Starting around the fall of 1967, Pryor and Mooney grew closer, bonding through a mixture of friendship and creative collaboration. For the next two decades, Mooney was at the center of Richard’s inside circle. He was the audience member whose hearty laugh rang out from the crowd and emboldened Richard onstage; the sounding board who, after a show, rapped with Richard for hours about which lines killed and which lines died; the quick-witted conversational
ist who supplied Richard’s comic act with some of its most unforgettable lines (for which he was compensated generously). He was also the drug-free confrère who could be counted on to handle the logistics—Where’s the party? Where’s the car?—that Richard had no head for. And Mooney did so without judgment; he didn’t press his relatively clean lifestyle on Richard or anyone else. Quite the contrary. When Mooney inevitably declined an offer of coke, Richard had a customary response to the purveyor. “I get Mooney’s share,” he would say merrily, and snort it up in full.
With Mooney at his side, Richard began haunting black-oriented clubs like Maverick’s Flat and the Redd Foxx Club, and feeding on the energy in their rooms.

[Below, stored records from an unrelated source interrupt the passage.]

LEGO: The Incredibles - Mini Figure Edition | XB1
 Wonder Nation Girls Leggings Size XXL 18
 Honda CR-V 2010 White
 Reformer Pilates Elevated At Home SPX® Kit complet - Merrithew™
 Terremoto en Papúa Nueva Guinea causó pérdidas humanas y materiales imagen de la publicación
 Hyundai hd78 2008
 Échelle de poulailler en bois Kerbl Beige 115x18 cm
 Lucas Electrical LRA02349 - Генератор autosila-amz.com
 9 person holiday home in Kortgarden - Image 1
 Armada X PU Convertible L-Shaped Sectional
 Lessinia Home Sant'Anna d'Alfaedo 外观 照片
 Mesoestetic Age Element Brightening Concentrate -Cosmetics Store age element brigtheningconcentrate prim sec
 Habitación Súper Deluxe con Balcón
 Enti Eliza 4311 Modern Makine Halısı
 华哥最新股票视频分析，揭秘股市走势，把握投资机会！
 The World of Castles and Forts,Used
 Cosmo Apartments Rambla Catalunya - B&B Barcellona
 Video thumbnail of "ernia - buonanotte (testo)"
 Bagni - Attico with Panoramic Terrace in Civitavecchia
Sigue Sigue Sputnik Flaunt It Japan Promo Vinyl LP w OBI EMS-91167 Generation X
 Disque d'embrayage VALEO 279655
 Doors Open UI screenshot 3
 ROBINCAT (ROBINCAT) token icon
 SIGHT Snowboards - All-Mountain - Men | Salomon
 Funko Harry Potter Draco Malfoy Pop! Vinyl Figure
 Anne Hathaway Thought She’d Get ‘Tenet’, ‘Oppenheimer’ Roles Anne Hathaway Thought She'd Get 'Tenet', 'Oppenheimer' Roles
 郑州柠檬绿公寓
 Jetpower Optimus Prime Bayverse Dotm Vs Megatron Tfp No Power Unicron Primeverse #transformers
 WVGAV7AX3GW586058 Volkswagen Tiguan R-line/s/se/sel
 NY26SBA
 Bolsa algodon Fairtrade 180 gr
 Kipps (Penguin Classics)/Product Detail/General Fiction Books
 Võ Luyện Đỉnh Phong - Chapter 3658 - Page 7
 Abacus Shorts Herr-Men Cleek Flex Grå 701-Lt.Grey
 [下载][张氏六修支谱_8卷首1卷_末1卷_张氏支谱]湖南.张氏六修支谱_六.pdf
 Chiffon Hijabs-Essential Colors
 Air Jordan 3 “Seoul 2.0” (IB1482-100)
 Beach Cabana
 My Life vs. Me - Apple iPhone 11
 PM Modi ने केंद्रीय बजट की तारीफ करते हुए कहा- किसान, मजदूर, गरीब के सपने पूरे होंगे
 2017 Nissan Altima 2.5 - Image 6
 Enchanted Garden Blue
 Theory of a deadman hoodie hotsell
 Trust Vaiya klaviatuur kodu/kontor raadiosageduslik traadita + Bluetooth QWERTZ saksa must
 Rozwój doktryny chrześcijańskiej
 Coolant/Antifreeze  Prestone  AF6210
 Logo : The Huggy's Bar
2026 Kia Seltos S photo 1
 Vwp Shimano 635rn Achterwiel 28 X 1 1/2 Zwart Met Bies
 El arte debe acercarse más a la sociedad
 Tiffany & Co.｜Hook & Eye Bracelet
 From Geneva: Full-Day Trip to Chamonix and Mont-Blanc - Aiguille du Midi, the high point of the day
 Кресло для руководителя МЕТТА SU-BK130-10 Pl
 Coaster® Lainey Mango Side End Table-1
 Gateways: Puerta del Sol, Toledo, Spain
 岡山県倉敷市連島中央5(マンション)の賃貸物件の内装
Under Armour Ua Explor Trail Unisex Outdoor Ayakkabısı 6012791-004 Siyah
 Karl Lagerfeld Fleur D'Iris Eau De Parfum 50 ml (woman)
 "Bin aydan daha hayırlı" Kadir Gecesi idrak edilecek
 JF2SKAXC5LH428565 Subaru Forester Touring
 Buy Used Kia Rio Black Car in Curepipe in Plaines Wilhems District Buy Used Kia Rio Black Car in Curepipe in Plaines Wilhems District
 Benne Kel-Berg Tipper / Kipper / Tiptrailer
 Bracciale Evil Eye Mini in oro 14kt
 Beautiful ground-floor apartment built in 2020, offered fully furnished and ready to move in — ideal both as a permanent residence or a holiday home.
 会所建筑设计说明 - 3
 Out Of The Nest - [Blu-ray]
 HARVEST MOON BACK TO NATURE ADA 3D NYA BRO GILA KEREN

John Daniels, the owner of Maverick’s Flat, had aspired to open, in the words of the Los Angeles Times, “a black Playboy Mansion, with comfortable pillows and good-looking boys and girls dancing to the beat.” He ended up with something even more interesting: a club, on black LA’s Crenshaw Strip, that was wholesome and decadent, psychedelic and soulful, fun-loving and experimental. On the wholesome side, Maverick’s Flat served ice-cold Coca-Cola, not alcohol, and was open to teens. It hosted beauty pageants, casting calls, and a conference on the redevelopment of the ghetto. It was unpretentious enough that visitors like Diana Ross, when told there were no seats available, would sit on floor pillows; loose enough that Muhammad Ali would take over as a DJ, dropping his rhymes on the audience. But Maverick’s also had a very adult vision of sophistication. It stayed open until 4:00 a.m. and drew everyone from Stokely Carmichael and Sidney Poitier to Robert Mitchum and Marlon Brando (who was almost kicked out for not wearing shoes). One of Maverick’s exquisitely decorated walls featured an image of a nude black couple nesting with intertwined legs in a celestial love seat, four long-stemmed wineglasses at their side, a red planet blazing in the distance amid twinkling stars. The Temptations’ “Psychedelic Shack” was inspired by the club’s décor.